What is being asked —
In the entries below, begin at the line with "Cafeteria Pictave réservation de table" and stop after the line with "Travelite Basics Fresh"; output those lines exactly and omit the pictures.

**** Dataset extract

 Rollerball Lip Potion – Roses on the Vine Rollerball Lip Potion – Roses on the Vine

********
**** Dataset extract

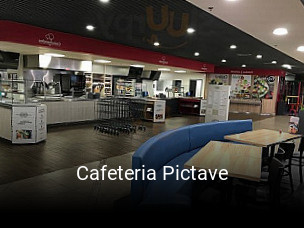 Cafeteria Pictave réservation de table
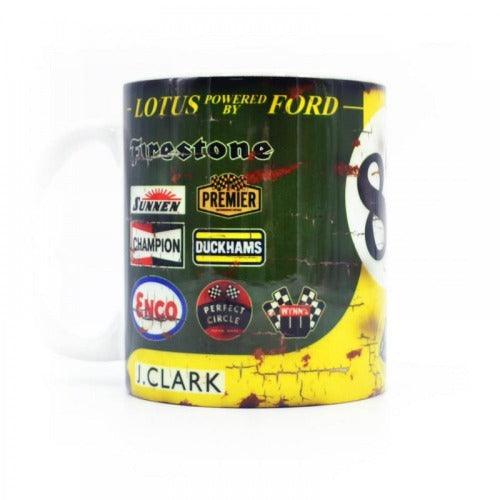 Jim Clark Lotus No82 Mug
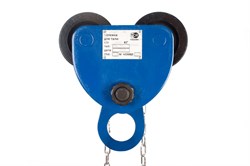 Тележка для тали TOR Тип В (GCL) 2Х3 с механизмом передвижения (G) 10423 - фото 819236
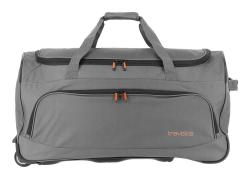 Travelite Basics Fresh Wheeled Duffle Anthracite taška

********

Expected output —
 Cafeteria Pictave réservation de table
 Jim Clark Lotus No82 Mug
 Тележка для тали TOR Тип В (GCL) 2Х3 с механизмом передвижения (G) 10423 - фото 819236
 Travelite Basics Fresh Wheeled Duffle Anthracite taška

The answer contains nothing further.